Sektor trotz Bauboom mit immer noch fallenden Leerstandsraten
Seit 2014 seien die Transaktionsvolumina im Logistiksektor in Deutschland von rund 3,3 Milliarden Euro auf 6,8 Milliarden Euro gestiegen, rechnet Fondsmanager Soltau vor. „In der Betrachtung der Logistikdrehscheiben innerhalb Europas ist das Bild recht ähnlich“, ergänzt Kollege Brooks. Allerdings stießen nicht alle Standorte auf dasselbe Interesse der Investoren. Manchmal fehle das Vertrauen in Marktreife und -perspektiven, häufiger aber in die (geo)politische Situation vor Ort oder in der Region, begründet Brooks.
Zwar liegen die durchschnittlichen Renditen bei Logistikimmobilien heute europaweit um ein Drittel unter Werten von vor fünf Jahren, als im Schnitt 6 Prozent erzielt wurden. Doch schon bei der Betrachtung solcher Renditeaussichten sehe man „sehr deutlich, dass die Entfernung dieser Anlageklasse vom Nischenmarkt bereits sehr weit fortgeschritten ist“, betont Soltau. Trotz des anhaltenden Baubooms fielen die Leerstandsraten im Segment immer noch weiter, was Logistikimmobilien auch langfristig zum guten Investment mache.
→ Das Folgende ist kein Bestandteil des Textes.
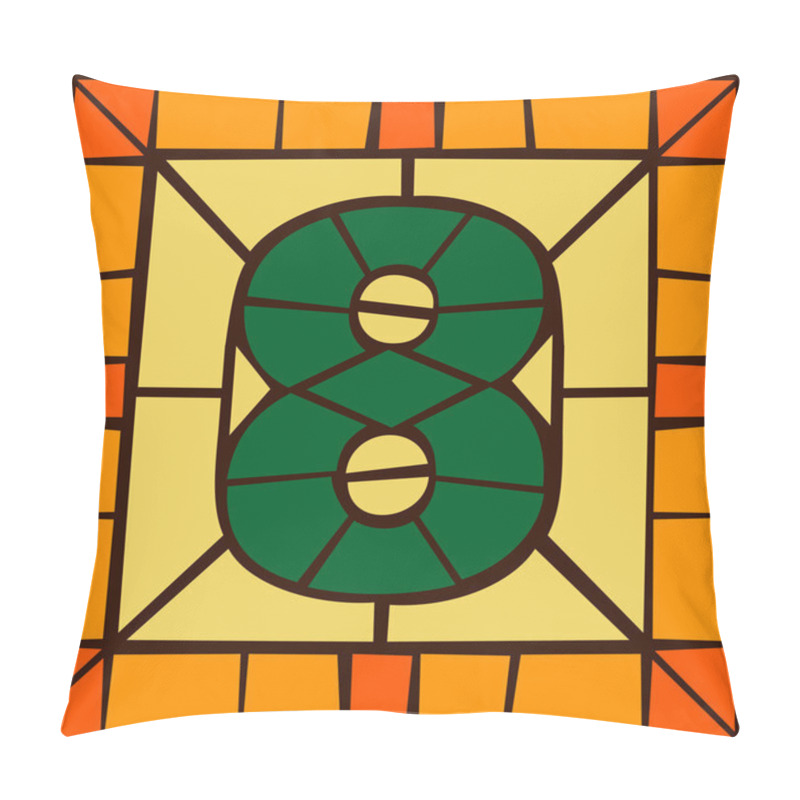 Personality  8 - Mosaic Numbers, Stained Glass Window Pillow Covers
Das knappe Angebot bei wachsendem Bedarf zwingt Entwickler und Investoren in diesem Zusammenhang aber auch zu Sanierung und Umbau von überalterten Bestandsobjekten, pro Automatisierungslösungen zur Verdichtung von Objekten in die Höhe sowie dazu, B- und C-Lagen als Standorte zu nutzen.
Ein weiterer Trend ist die Nutzenmaximierung des vertikalen Raums, so Soltau. Derzeit haben die Anlagen in der Regel eine Deckenhöhe von 10 bis 12 Metern. Um die Automatisierungsmöglichkeiten noch mehr nutzen zu können, sind jedoch neue Konstruktionen mit einer Höhe von 14 bis 16 Metern geplant.
„Auch wenn der Erstmieter nur eine Deckenhöhe von sechs Metern benötigt, werden die Neubauten oftmals mit einer Höhe von 10 bis 12 Metern gebaut, um potentielle zukünftige Nutzungszwecke mit größerem Höhenbedarf zu erfüllen“, sagt Soltau.
Zusammenfassend lässt sich sagen, dass sich die Logistikimmobilie von morgen durch flexible, leicht umkonfigurierbare Räume auszeichnen wird, idealerweise mit erweiterbarem Lager, oder sogar Hochregallager, barrierefreien Ein- und Ausgängen, sowie Durchfahrtsmöglichkeiten.